Number Of Pedestrian Traffic Deaths At Lowest Point In More Than 100 Years

December 30, 2014 | Prachi Gupta

In the midst of a very trying week, here’s a major win for Mayor Bill de Blasio: The number of pedestrian traffic deaths in the city is at its lowest point since 1910. The New York Daily News reports that as of Sunday, the city suffered 131 pedestrian traffic-related fatalities in 2014. That number is 26% lower than last year’s, at 177 deaths. The number of all traffic-related deaths (including motorists and cyclists) was 250, the second-lowest on record.

Since coming into office, de Blasio has prioritized Vision Zero, a plan that aims to eliminate all traffic fatalities in New York City. In the past year, the city has increased the number of speed cameras, has reduced the city-wide speed limit to 25 MPH, and has established 27 new “arterial slow zones,” reports the Daily News.
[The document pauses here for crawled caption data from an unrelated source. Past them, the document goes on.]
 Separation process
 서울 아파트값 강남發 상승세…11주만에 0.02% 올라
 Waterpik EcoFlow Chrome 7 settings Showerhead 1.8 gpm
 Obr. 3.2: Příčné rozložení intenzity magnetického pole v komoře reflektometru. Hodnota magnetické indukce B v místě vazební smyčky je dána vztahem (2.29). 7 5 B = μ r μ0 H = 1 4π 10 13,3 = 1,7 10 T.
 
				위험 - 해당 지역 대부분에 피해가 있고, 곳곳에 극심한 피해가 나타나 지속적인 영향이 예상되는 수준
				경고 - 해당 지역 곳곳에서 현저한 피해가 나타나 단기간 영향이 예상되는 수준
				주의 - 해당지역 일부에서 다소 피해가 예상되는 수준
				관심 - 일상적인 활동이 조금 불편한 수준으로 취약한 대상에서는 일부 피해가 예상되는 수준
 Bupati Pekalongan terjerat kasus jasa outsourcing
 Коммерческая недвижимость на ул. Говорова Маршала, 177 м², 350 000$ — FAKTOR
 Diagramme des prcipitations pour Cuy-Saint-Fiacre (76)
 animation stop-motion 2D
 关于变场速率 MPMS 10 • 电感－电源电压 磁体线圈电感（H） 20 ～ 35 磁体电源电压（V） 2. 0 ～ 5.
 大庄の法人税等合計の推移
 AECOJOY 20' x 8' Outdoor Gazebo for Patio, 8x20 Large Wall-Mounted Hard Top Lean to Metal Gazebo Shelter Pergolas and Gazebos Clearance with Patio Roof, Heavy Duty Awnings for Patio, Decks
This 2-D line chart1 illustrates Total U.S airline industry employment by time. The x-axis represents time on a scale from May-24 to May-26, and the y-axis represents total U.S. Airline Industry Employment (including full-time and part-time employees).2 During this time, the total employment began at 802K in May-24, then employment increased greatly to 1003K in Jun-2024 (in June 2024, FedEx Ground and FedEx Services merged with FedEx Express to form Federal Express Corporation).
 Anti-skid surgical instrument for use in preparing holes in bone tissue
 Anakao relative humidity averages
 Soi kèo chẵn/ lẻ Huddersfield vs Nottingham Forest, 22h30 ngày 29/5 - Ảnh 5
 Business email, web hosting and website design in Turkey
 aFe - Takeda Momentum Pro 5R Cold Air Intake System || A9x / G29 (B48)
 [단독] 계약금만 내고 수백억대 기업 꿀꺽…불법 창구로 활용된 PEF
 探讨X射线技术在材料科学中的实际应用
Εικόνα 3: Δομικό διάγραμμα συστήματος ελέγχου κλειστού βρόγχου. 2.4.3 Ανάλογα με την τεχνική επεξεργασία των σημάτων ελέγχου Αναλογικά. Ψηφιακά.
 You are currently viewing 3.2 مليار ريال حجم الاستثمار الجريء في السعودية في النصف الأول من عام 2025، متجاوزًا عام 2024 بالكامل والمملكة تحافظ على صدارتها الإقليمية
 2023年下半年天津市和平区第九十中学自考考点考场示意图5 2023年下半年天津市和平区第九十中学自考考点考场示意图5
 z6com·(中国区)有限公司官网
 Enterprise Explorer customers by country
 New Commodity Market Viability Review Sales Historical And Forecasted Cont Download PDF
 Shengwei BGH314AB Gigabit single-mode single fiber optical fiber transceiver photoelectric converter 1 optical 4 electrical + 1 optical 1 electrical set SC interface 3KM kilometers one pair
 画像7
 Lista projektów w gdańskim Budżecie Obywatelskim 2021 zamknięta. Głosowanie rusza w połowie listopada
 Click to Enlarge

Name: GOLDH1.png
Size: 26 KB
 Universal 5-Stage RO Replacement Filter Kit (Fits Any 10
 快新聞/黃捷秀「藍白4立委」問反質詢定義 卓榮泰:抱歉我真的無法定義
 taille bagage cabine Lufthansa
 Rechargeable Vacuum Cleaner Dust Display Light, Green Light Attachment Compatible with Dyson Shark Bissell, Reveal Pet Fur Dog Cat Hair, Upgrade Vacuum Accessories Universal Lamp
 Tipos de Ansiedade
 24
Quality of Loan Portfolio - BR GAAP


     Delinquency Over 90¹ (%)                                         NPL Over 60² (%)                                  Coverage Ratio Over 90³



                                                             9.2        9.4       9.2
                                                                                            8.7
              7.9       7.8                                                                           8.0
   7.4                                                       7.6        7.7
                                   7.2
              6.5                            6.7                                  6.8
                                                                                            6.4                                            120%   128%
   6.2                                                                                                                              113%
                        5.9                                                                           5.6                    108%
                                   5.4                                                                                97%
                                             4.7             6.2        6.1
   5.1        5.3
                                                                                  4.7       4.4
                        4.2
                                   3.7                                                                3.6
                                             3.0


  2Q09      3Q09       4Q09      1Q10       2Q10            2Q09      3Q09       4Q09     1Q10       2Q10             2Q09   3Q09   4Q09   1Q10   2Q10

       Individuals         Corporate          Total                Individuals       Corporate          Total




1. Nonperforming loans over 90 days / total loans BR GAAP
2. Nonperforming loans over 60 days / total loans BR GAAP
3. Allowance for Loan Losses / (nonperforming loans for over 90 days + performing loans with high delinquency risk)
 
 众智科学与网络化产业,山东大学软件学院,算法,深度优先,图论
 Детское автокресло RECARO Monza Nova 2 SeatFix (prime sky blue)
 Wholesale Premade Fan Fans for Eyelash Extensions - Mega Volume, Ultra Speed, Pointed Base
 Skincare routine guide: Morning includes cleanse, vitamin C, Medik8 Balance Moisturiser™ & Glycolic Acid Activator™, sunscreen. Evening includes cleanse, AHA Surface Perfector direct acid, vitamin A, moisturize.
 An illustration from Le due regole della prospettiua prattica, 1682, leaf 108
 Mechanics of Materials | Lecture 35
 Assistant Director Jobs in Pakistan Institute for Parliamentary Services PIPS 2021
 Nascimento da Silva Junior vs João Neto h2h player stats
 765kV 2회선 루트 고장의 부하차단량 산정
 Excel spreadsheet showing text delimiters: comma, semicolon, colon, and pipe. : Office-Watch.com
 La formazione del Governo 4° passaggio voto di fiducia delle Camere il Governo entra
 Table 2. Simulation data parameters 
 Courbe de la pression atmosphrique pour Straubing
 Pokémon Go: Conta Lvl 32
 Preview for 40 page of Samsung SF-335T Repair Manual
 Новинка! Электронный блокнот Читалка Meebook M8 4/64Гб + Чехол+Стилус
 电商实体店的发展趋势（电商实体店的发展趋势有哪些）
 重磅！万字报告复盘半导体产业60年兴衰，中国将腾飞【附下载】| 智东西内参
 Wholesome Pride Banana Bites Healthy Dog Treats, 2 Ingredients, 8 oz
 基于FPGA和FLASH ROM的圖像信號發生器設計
Additionally, police issued 42% more speeding tickets and 126% more summons to drivers who failed to yield to pedestrians than in 2013.

De Blasio sees the numbers as evidence that his plan is working, saying:

“There is no question we are moving this city in the right direction, thanks to stepped-up enforcement by the NYPD, strong traffic safety measures by the Department of Transportation, new laws passed by our legislators, and the work of New Yorkers fighting for change,” Mayor de Blasio said in a statement to The News. “This year shows that when we put the force of government and the will of the city behind a goal like Vision Zero, we can get results and make our streets safer.”